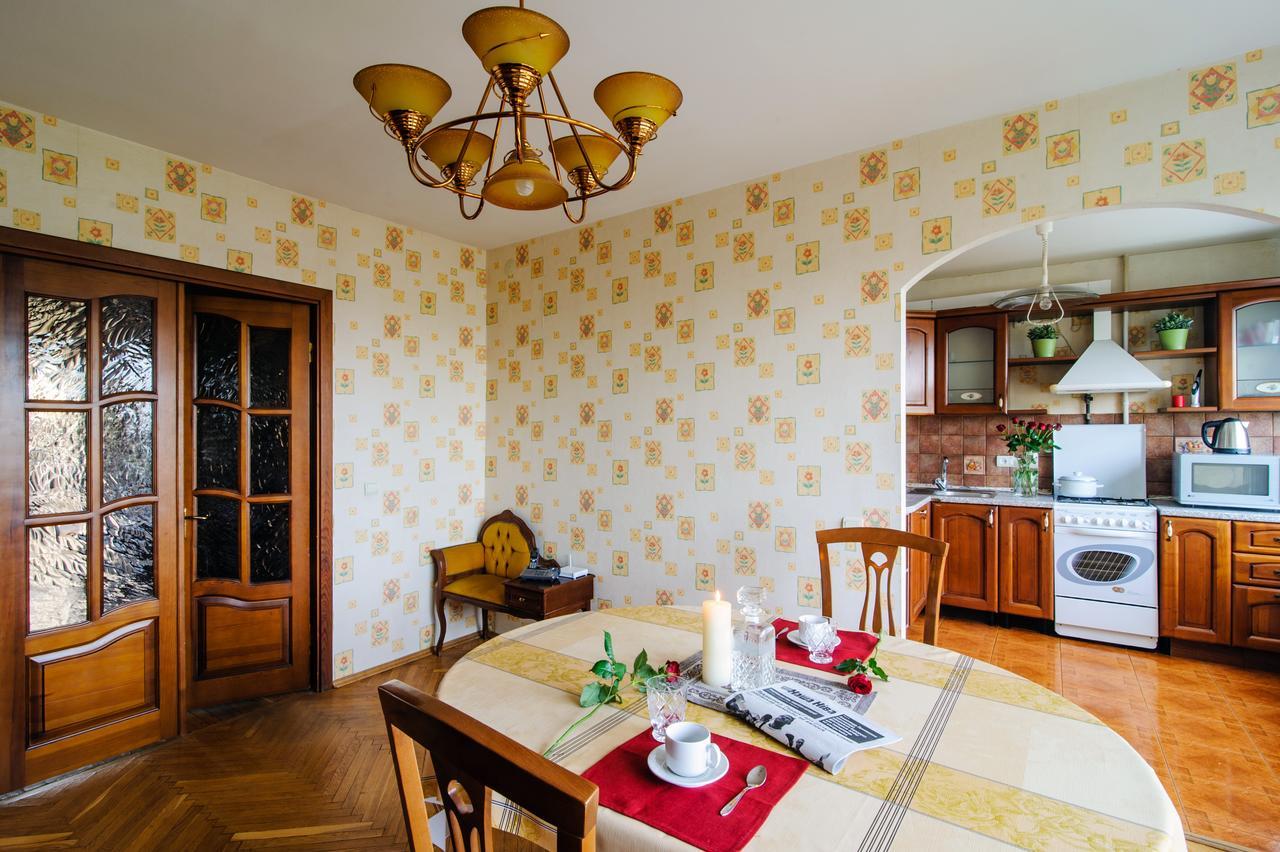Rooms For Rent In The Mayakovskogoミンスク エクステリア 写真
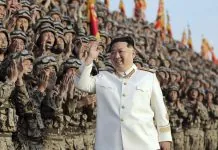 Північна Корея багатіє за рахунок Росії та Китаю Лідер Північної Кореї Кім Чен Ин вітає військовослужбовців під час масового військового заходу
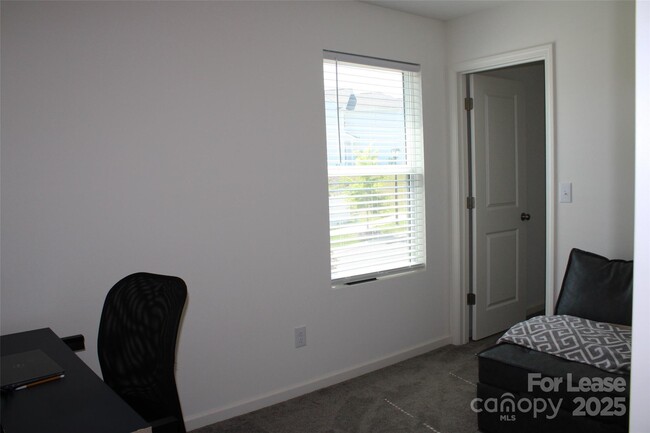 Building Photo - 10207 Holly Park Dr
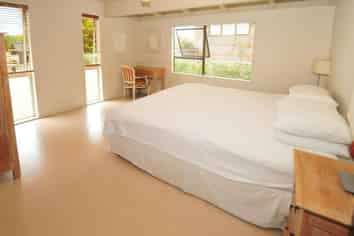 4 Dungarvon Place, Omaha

........

WHAT YOU NEED TO DO:
Reproduce exactly the lines above from the one with "Північна Корея багатіє" through the last line of the data, keeping both ends and dropping the pictures.

ANSWER BELOW:
 Північна Корея багатіє за рахунок Росії та Китаю Лідер Північної Кореї Кім Чен Ин вітає військовослужбовців під час масового військового заходу
 Building Photo - 10207 Holly Park Dr
 4 Dungarvon Place, Omaha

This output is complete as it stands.